Unexpected shared memory bank conflict.

I observed shared memory bank conflict in the following case:

Using 128-bit shared load on an RTX GPU.
Byte offset = tid % 4 * 16

That is:
tid, byte offset
0, 0
1, 16
2, 32
3, 48
4, 0
5, 16
6, 32
7, 48

I assume that there is no bank conflict in this case because data at location 0 will be broadcasted to thread 0, 4, 8, 12, 16, 20, 24, 28.
But profiling result shows that there are 4 requests generated for each LDS.U.128 instruction. (I expect 2 requests.)

How should I explain this?

Thanks!

On CC 7.0 - 7.5 devices shared memory loads with uniform addresses can increase bandwidth if the following is true:

  • Thread pairs (Tn and Tn^1) have the same addresses for all active threads (i.e.
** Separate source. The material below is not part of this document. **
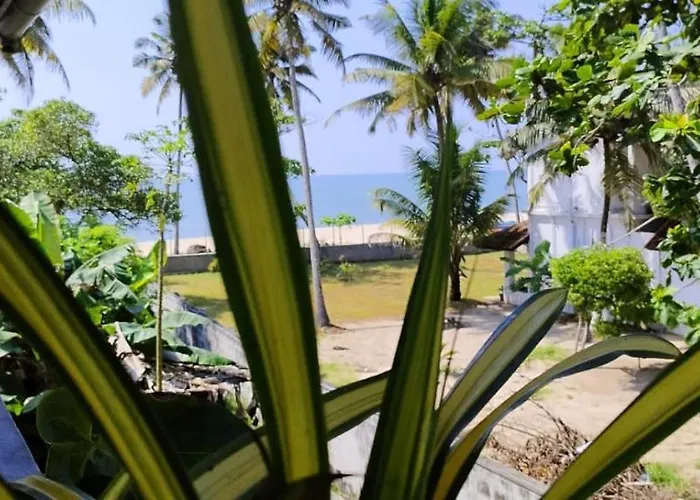 Marari Sibiya Beach Villa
T0==T1, T2==T3, T4==T5, T6==T7, etc.), or
  • Thread pairs (Tn and Tn^2) have the same addresses for all active threads (i.e. T0==T2, T1==T3, T4==T6, T5==T7, etc.)
  • (Note these encompass the case where all active threads have the same address)

The return bandwidth of L1 and shared memory is 128 bytes/cycle == 1 register/cycle. The uniform access can achieve 2x the performance by packing the return registers. In the case above the rules are not met so LDS.128 requires 4 requests per instruction as it returns 4 registers. If the guidelines are met the requests/instruction should reduce from 4 to 2.

I have changed the access pattern according to the “thread pairing” rule. The bank conflict now disappears. Thank you!